Le titre d’Yves Tumor, Jackie, évoque un prénom autant masculin que féminin, cette indétermination caractérisant l’ensemble des lyrics plus évocateurs que définitoires.

Paroles elliptiques, voire cryptiques : Jackie est évoqué.e, il s’agit de celui ou celle à qui le chant est adressé sans que le motif ou les conditions de cette adresse ne soient précisés. La question est : « Est-ce que tu penses à moi ? », cette pensée possible n’étant pas davantage précisée : souvenir ? chagrin ? regrets ? deuil ? De même, les conditions de cette pensée demeurent étrangement incertaines : « lorsque tu te réveilles, lorsque tu reposes ton esprit… » (repos lié à quelle fatigue ? à quelle peine ? à quelle souffrance ?).

Le lien entre les deux « personnages » est suggéré de manière trouble, renvoyant à un événement ou des événements qui ne sont pas clarifiés, tragiques, douloureux, insurmontables : « These days have been tragic / I ain’t sleeping / Refuse to eat a thing / I can’t tell you what happened / I ain’t sleeping / I ain’t eating ». Le lien en question paraît rompu ou empêché, objet d’une violence ou d’un interdit imposant la distance, la séparation (« We were torn apart right by the sleeve »), suscitant une mémoire nostalgique et douloureuse, dépressive. De quoi s’agit-il ? D’un amour empêché, soumis à des forces hostiles, du désir d’individus pris dans un ordre du monde qui leur est contraire ? Nous ne le saurons pas : persistent seulement certains fragments psychiques, des affects, et un chant.
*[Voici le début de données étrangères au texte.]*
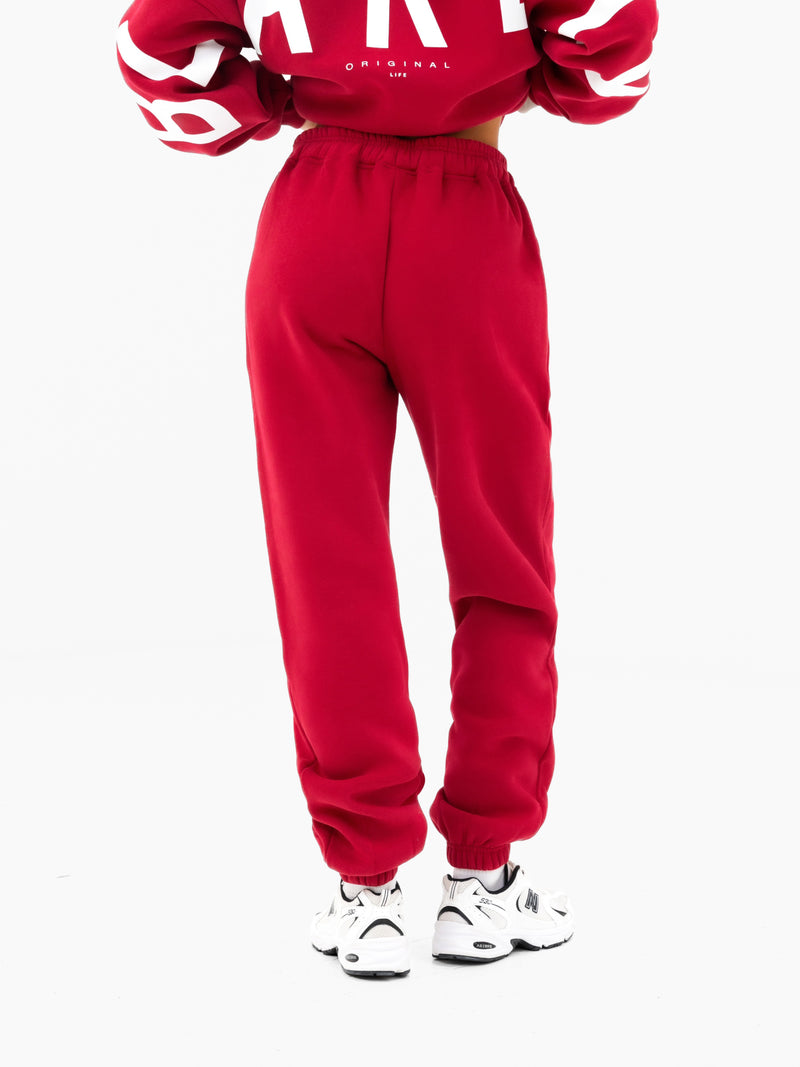 Isabel Sweatpants - Cherry Red
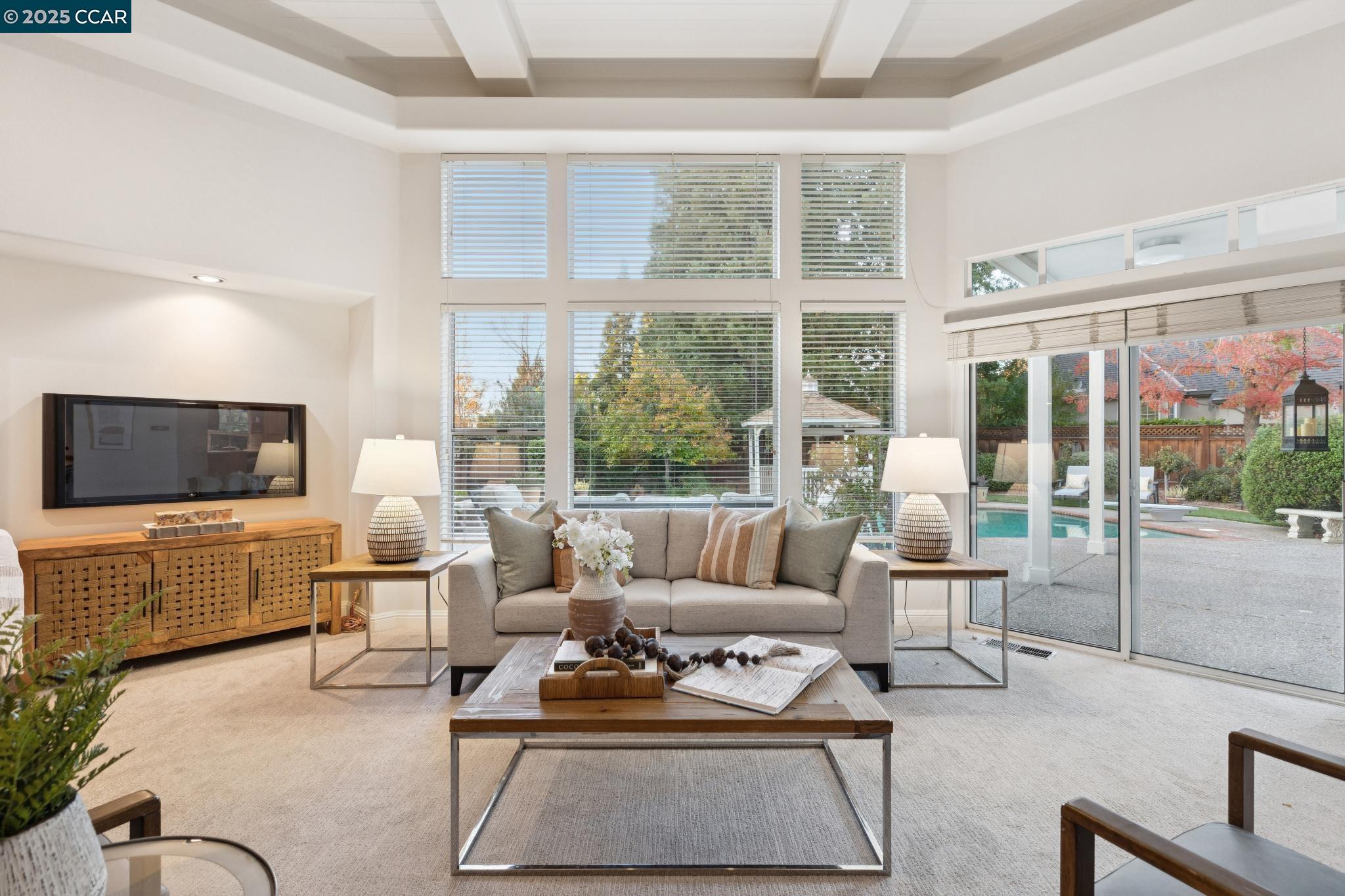 788 Woodwind Place Walnut Creek, CA 94598 - Photo 20 of 48 a living room with furniture large window and flat screen tv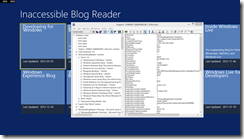 Inspect showing view of Inaccessible Blog Reader
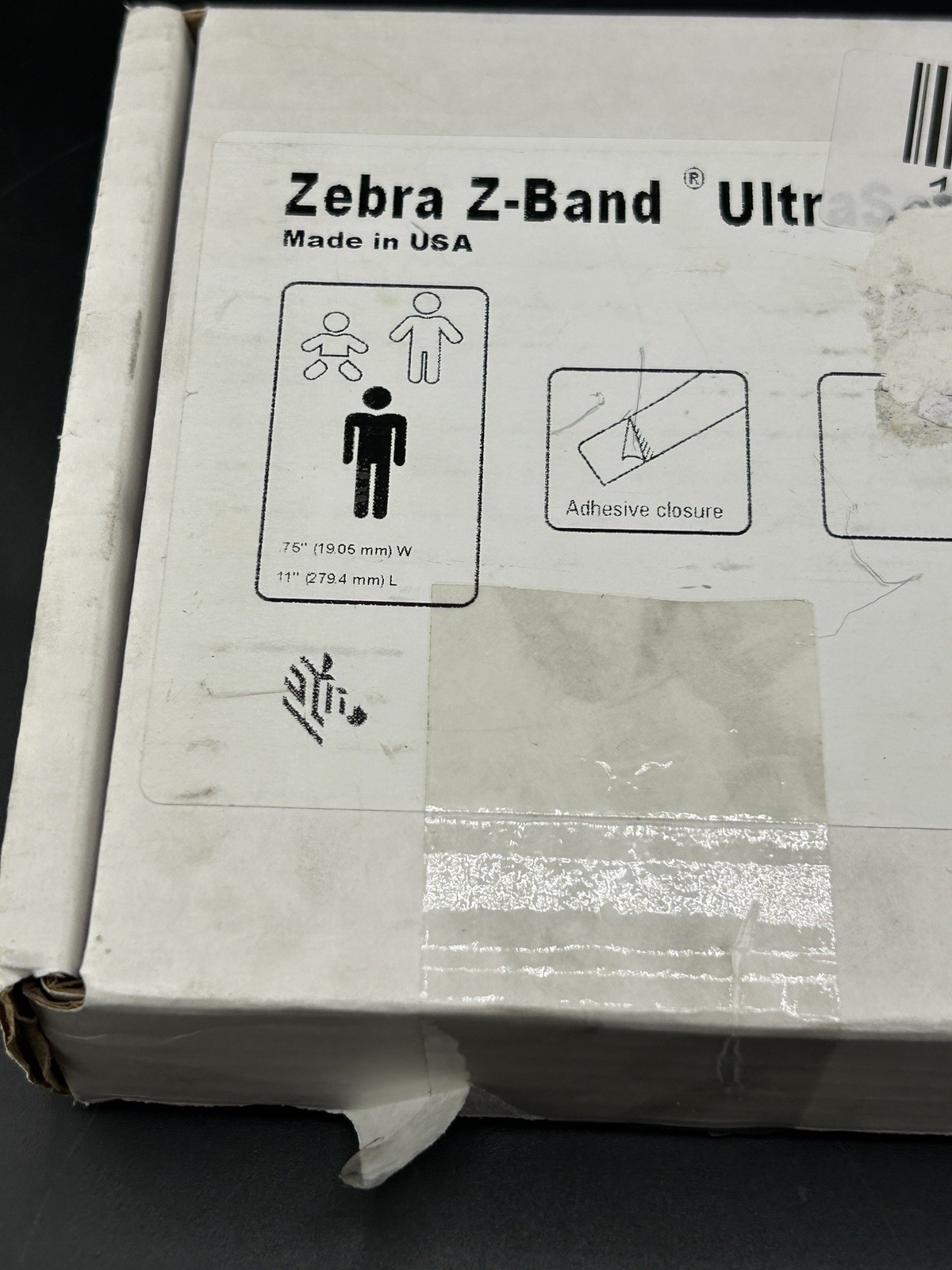 Zebra 10015355K 1″×11″ Adult Z-Band UltraSoft Wristband Cartridge 175 White Band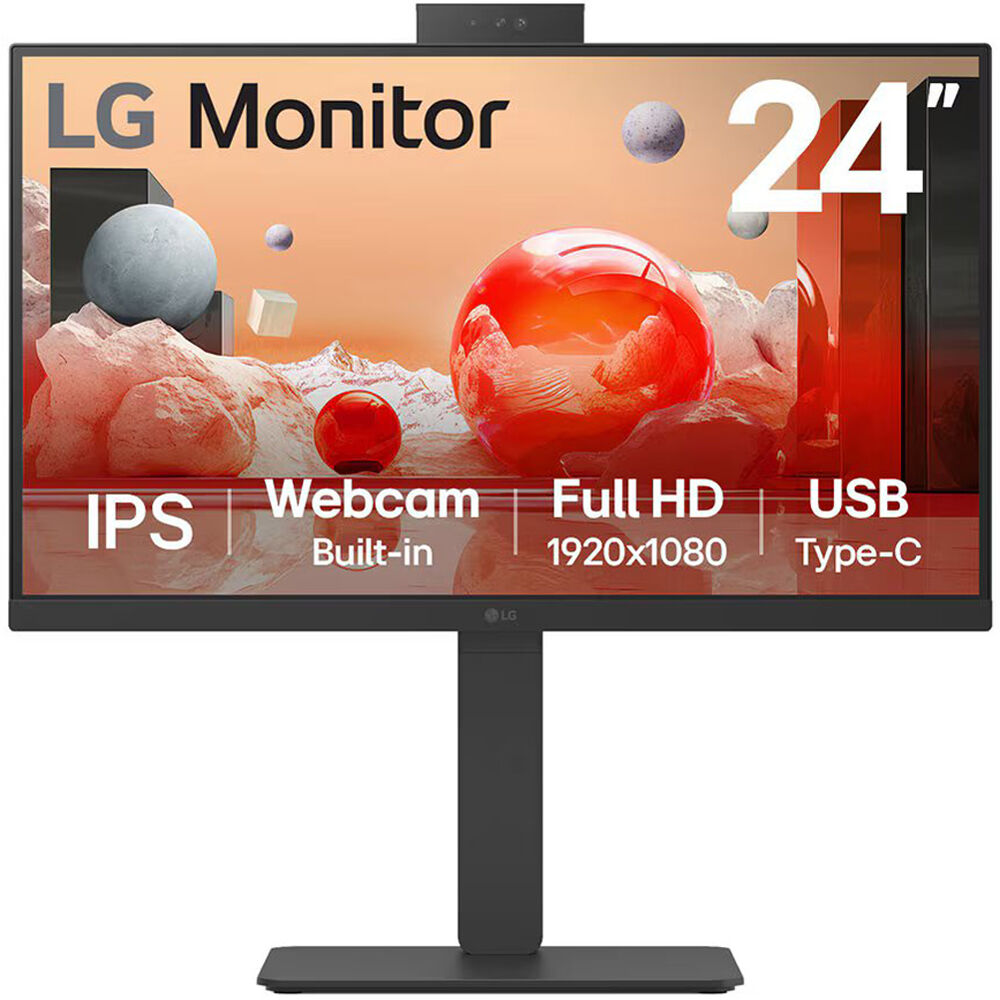 

Монитор для видеоконференций LG 24BA850-B 23,8 дюйма Full HD 100 Гц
Le texte est porteur d’une indétermination, d’une obscurité évidemment voulue, et par les images, les bribes d’énoncés qui le constituent et sont répétées en boucle, il diffuse des états mentaux et des affects qui relèvent de la répétition obsessionnelle, de la souffrance, de la dépression, du souvenir d’un attachement qui a été rompu mais qui persiste par la mémoire, par l’adresse, par le chant : un lien demeure au sein d’une confusion des faits, d’une violence, lien présent dans la mémoire autant que dans les corps séparés. Jackie est bien un chant d’amour et de désir.

Le morceau s’organise autour d’une batterie martelant son rythme entre hip-hop électronique et pop, d’un mur de riffs de guitares repris incessamment, et d’un chant à la fois nostalgique et incantatoire, basé également sur la répétition des mêmes motifs. Plus que d’une structure mélodique classique, l’ensemble déverse un flux, une sorte de boucle répétitive brassant une matière sonore faite d’intensités, de fragments obsessionnels, de commencements qui recommencent et ne s’achèvent pas.

Dans la très belle vidéo qui accompagne Jackie, conçue par le studio Actual Objects, les corps sont au-delà de l’androgynie, incarnant un au-delà des genres, au-delà de l’humain, évoluant dans un espace où règne à nouveau l’indétermination : espace terrestre et cosmique, d’un autre âge, entre un futur de SF, postapocalyptique, et la nuit d’une préhistoire imaginaire ; espace euclidien reconnaissable en même temps qu’espace d’une « réalité virtuelle », nocturne et flamboyant, animé d’événements électroniques et naturels (une nature inconnue). Les corps s’y appellent, s’y perdent, s’affrontent, se heurtent. C’est comme un rêve rêvé par un esprit inconnu, un rêve ayant lieu dans un autre monde, un autre temps, une autre dimension – rêve de mort et de désir, beau et énigmatique et puissant comme cette composition d’Yves Tumor qui ouvre superbement son nouvel EP, The Asymptotical World.

Yves Tumor, The Asymptotical World, EP 6 titres, parution le 15 juillet 2021.